Imagine getting up early to fetch the day's water from the village pump before a line forms, and you have to dodge a cascade of falling filth, and you appreciate that your neighbor was kind enough to let you know to get out of the way.

Eventually John Snow worked out that the village pump was killing people with cholera, so drainage was improved with sewers, open channels at first and buried pipes later. Water treatment is more advanced today, but sewers still rely mainly on dependable gravity. I'm not sure what happens when the toilet is too far from the water treatment plant to allow a continuous downhill grade; there must be some kind of poop elevator somewhere. Even here in the affluent D.C. area, I believe raw sewage is flushed into the river during heavy rains, because toilet waste and storm drains go through the same tunnels.

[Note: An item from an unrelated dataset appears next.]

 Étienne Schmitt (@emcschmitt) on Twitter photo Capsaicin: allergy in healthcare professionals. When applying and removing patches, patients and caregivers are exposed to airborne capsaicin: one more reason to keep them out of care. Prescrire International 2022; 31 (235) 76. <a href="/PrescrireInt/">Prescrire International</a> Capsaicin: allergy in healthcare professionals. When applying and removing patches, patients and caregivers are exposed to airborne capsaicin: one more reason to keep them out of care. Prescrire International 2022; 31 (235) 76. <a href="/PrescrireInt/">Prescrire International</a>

To save the trouble of handling waste, the sewer pipe can be extended into the home. A further convenience is a supply of drinkable water which can be used to flush the sticky mess down the pipe. I don't understand how the water supply works, I think I know where in the Potomac River my house water comes from, but I don't know where it goes after that. They add "chlorine" and "fluorine" but not the pure chemical elements, they pump it through undergroud pipes which sometimes rupture, water towers located at high places also provide pressure and reliable gravity flow. What steps are taken to prevent poisoning the treated water? How risky is polluted water? There was that building in New York City that had a murder victim floating in the rooftop tank for months and nobody (else) died.

We are almost at the modern toilet. For comfort, it is shaped like a chair, though some cultures still practice squatting. It's made out of porcelain, which makes it very heavy and subject to breaking. Why not lightweight plastic or fiberglass? Porcelain can be thoroughly cleaned and holds up to scrubbing. A removable seat is made of plastic or wood which absorbs heat more slowly so it does not feel as cold even when it is the same temperature as the porcelain.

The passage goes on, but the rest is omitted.